A simple yet ingenious conversion

The remnants of a small farmstead with a double yard were converted and then a new forecourt, bedrooms and living spaces were added, forming an L-shaped structure of cool concrete blockwork with perfectly pitched zinc roofs.

The couple who commissioned the house, Sylvia and Michael, wanted to create a home where their grown-up children could come and stay.

“Like most non-architects about to build a home, we had a clear idea about what we’d like in terms of rooms but no idea about how these rooms might be arranged, or what the house might look like," they said.

"It is a joy to live in - from seeing the soaring bedroom ceiling on waking, being surrounded by the gentle landscape in the kitchen during the day, to enjoying the sunset in the top room."

In the living zone is a kitchen and sitting room and a separate snug, plus a mezzanine office cleverly accommodated with a pantry below. The other zone, a double-height sleeping block, includes three bedrooms.

The interiors are a lesson in grey minimalism, all geared around the views. The ceiling height is broken up by means of a horizontal line that runs around the entire house, painted white above and grey below.
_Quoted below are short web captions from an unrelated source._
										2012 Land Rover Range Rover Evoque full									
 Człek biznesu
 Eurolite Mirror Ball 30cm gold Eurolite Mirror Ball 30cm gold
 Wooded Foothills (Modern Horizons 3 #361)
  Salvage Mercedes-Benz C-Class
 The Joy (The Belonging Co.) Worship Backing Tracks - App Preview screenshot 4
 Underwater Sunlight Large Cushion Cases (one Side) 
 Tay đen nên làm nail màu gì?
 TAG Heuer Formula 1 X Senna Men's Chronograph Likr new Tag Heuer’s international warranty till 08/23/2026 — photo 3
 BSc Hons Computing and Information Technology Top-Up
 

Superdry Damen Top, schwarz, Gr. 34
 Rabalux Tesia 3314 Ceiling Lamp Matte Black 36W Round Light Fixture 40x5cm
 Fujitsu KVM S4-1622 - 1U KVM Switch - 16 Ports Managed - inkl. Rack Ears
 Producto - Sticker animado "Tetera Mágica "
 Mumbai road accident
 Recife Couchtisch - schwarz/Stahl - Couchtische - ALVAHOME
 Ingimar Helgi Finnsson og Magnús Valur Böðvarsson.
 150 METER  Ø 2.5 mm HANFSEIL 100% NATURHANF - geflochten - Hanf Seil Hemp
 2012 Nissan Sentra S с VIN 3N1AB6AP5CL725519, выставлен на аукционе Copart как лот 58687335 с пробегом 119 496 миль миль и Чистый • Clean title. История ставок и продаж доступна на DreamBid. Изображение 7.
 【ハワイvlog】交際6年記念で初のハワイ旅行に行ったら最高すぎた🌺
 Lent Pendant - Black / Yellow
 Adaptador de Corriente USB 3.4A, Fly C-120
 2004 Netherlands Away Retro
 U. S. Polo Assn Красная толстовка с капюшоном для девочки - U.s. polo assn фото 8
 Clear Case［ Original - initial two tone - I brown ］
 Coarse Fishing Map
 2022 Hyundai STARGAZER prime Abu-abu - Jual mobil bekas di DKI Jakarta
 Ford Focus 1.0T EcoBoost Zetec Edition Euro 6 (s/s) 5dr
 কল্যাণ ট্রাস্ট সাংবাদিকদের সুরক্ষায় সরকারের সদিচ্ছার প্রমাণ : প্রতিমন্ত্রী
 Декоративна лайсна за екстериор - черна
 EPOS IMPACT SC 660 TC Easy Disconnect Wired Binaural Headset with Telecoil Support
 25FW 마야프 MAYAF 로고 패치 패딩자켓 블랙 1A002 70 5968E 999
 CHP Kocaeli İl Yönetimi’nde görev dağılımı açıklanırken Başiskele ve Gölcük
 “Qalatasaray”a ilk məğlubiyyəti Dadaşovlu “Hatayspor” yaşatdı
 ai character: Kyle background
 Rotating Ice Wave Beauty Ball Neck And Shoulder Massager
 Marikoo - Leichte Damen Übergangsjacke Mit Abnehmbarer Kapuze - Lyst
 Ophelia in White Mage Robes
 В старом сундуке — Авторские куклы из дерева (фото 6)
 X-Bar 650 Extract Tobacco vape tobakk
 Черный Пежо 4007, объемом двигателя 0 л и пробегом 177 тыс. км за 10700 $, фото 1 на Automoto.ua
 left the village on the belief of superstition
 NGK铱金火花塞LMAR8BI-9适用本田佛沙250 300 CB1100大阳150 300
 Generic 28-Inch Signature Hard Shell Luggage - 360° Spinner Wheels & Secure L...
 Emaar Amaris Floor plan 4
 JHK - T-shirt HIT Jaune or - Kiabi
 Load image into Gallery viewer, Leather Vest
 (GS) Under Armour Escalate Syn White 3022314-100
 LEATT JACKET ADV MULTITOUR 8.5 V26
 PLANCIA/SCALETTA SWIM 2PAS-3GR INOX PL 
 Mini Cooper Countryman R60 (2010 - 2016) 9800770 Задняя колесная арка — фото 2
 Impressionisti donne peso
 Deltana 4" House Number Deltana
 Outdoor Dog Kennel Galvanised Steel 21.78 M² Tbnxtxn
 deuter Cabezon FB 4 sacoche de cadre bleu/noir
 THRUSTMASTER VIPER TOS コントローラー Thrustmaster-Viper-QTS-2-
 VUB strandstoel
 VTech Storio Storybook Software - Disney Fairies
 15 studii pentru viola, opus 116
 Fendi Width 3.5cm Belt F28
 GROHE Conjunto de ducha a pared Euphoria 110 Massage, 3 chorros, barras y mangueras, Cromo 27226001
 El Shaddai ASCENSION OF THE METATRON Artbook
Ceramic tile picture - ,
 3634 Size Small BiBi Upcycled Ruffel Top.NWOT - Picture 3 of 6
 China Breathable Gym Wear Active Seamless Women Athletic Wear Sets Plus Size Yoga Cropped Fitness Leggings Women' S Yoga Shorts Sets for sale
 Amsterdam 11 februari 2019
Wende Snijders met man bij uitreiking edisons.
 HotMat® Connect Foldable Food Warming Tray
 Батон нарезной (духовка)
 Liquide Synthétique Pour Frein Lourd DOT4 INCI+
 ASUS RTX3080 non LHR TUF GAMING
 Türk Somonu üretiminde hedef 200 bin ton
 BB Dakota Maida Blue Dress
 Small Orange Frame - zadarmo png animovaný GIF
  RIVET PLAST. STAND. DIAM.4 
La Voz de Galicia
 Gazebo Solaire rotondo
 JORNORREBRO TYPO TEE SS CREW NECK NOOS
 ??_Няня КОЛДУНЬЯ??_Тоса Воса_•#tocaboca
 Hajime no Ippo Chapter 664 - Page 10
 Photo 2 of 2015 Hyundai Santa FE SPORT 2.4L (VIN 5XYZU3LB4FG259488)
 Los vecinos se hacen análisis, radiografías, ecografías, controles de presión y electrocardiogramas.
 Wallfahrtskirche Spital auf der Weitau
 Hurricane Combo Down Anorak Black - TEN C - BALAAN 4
Previous RIBA House of the Year winners include Lochside House in 2018, an off-grid cottage in the snowy Scottish Highlands designed by designed by HaysomWardMiller Architects. In 2017, Caring Wood, "a collection of oast houses on steroids" in Kent, won the top prize, while in 2016, Murphy House in Edinburgh, which was described at the time as 'somewhere between a James Bond lair and Wallace and Gromit gadget haven', scooped the award.